東洋紡はこのほど、バリア性能に優れた透明蒸着フィルム「エコシアール」シリーズで初となる、オレフィン系素材を使用した二軸延伸ポリプロピレン(OPP)フィルム「エコシアールVP001」を開発した。今年末からサンプルを出荷し、来年度(2023年度)上期中の販売開始を予定する。生産は犬山工場(愛知県犬山市)で行う。
新製品は、同社が新たに開発した専用の高耐熱OPPフィルムに独自の蒸着加工を施した包装用ハイバリアフィルム。酸素ガスや水蒸気に対する高いバリア性能をもち、食品の鮮度維持や消費・賞味期限の延長など、食品ロス低減に貢献する。さらに、これまでOPPフィルムでは困難とされてきた高い耐熱性とバリア性の両立を実現。今後は熱殺菌処理を必要とする用途での、他素材フィルムからの置き換えを促進し、オレフィン系素材のみで構成されるモノマテリアル(単一素材構成)の包装材の実現に向けた提案を進めていく。売上目標は非開示としているが、同社では「エコシアールVP001」による大きな置き換え需要を見込んでおり、「循環型経済に限りなく貢献できるように対応していきたい」(広報)考えだ。

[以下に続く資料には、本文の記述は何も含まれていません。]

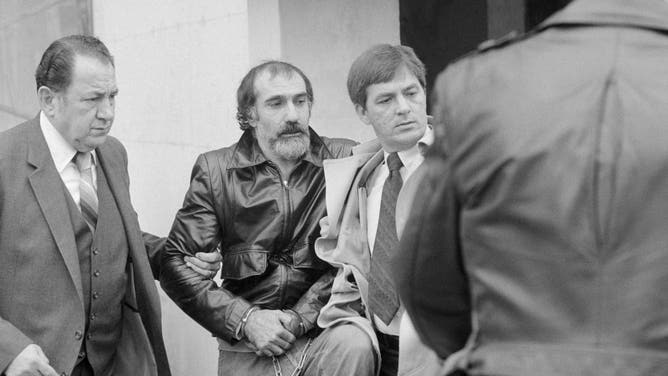 (Original Caption) Hyattsville, Maryland: John Stanfa, 39, (L) is taken from the federal magistrate's office in Hyattsville, Md. after he was ordered taken to Philadelphia. Stanfa is a prime suspect in the slaying of reputed Philadelphia mob boss Angelo Bruno. (Credit: Getty Images)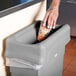 A hand putting a coffee cup into a Rubbermaid Slim Jim trash can.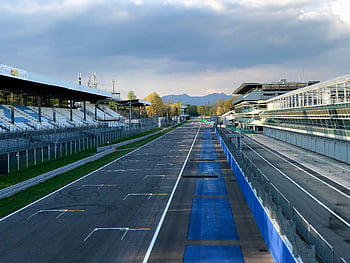Monza-circuit, Italië, lege put rechtdoor, sereen middaglicht, wolken, racebaan, lege tribunes, blauwe barrières, buitensport, motorsport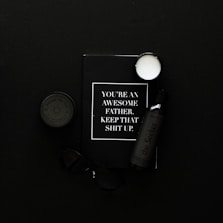 black framed eyeglasses beside white and black labeled bottle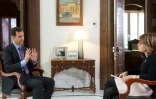 Une capture d'écran fournie par la SANA le 6 décembre 2015 du président syrien Bachar al-Assad  lors d'un interview avec une journaliste du Sunday Times à Damas, le 6 décembre 2015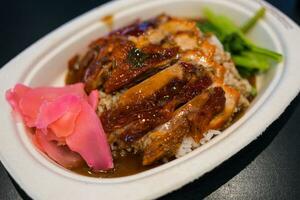 Roasted duck with gravy and rice on plate photo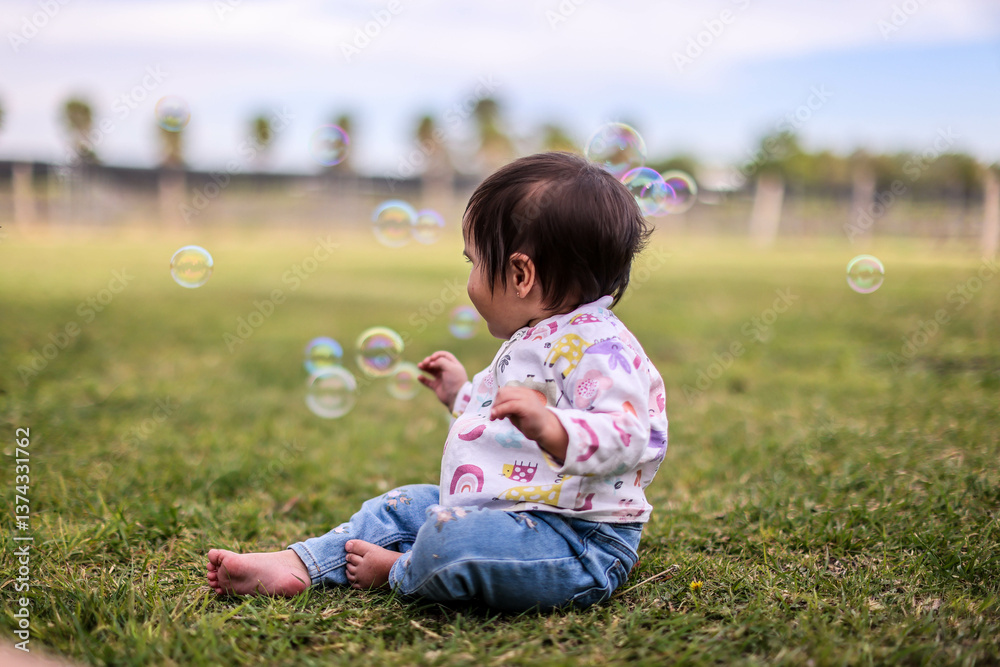 Outdoor portrait of a cute baby girl playing in garden Outdoor portrait of a cute baby girl playing in garden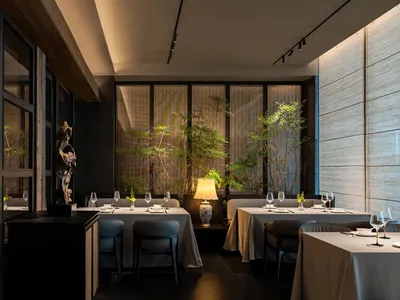 A well-lit, contemporary restaurant interior with modern furnishings and decor, featuring sleek tables, chairs, and wall-moun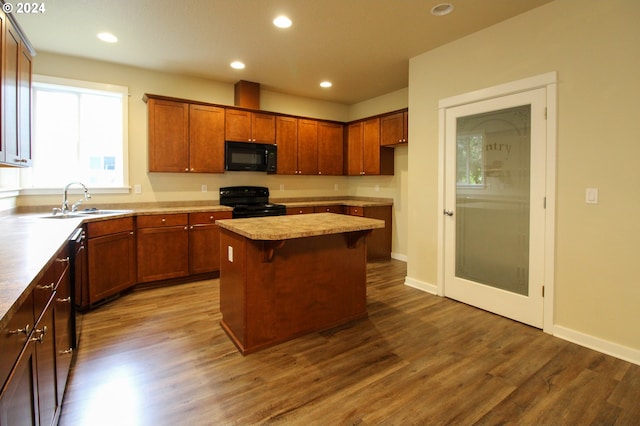 kitchen with dark wood-type flooring, a breakfast bar area, sink, a kitchen island, and black appliances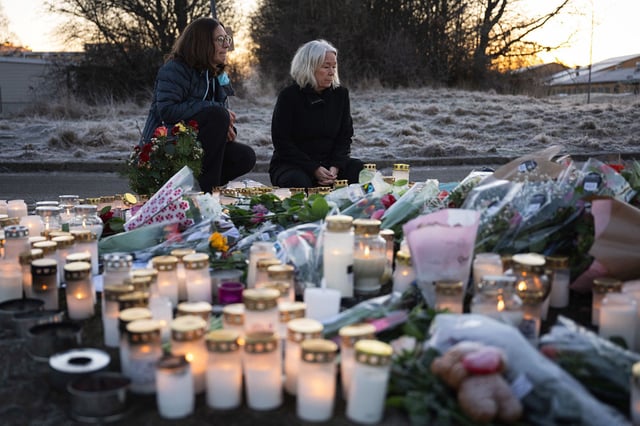 People light candles at a makeshift vigil near the scene of the shooting on February 6.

東洋紡はこれまでも、モノマテリアル化に適した製品として、ポリプロピレン素材では乾物用途向けのバリアOPPフィルム「DP065」(犬山工場)を、ポリエステル素材ではヒートシール性をもつ「オリエステル」(敦賀事業所〈福井県敦賀市〉、犬山工場)を展開している。引き続き環境に配慮した高機能なフィルム製品のラインアップを拡充し、循環型経済の実現に貢献していく。